**GIVEN INFORMATION**
-- Opening Marker --
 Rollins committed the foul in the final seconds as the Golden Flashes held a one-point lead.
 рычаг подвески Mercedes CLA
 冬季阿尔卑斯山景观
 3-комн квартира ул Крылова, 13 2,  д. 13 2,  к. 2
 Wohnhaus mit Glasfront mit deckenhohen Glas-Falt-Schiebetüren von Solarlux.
-- Closing Marker --
-- Opening Marker --
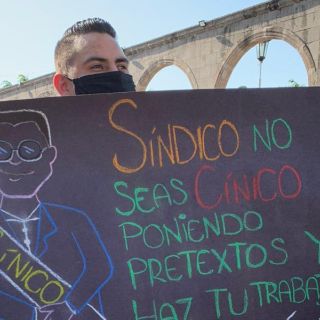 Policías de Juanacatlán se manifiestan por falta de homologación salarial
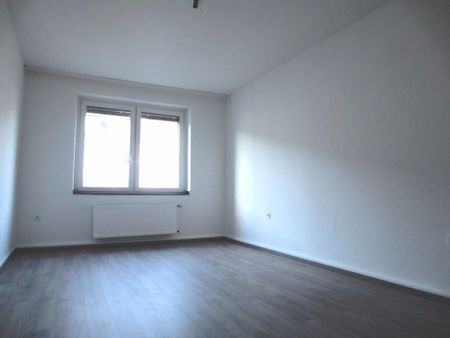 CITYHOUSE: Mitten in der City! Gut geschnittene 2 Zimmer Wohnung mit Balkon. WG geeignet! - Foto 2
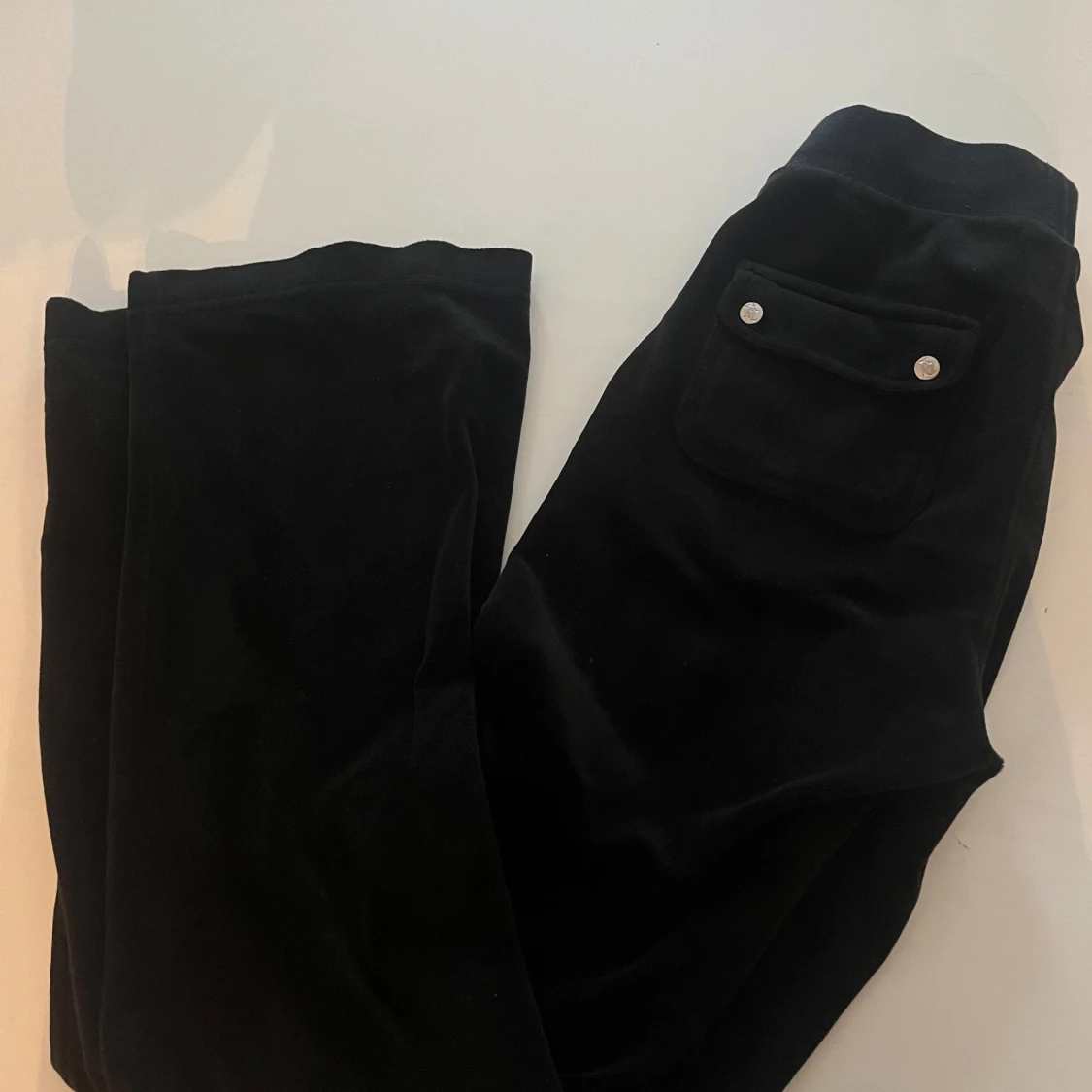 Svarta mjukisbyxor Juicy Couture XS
-- Closing Marker --
**HOW TO COMPLETE THIS TASK**
Only the lines above starting with the line with "Policías de Juanacatlán" and going on through the line with "Svarta mjukisbyxor Juicy Couture XS" belong in the answer; repeat them exactly, minus any picture.

**YOUR SOLUTION**
 Policías de Juanacatlán se manifiestan por falta de homologación salarial
 CITYHOUSE: Mitten in der City! Gut geschnittene 2 Zimmer Wohnung mit Balkon. WG geeignet! - Foto 2
 Svarta mjukisbyxor Juicy Couture XS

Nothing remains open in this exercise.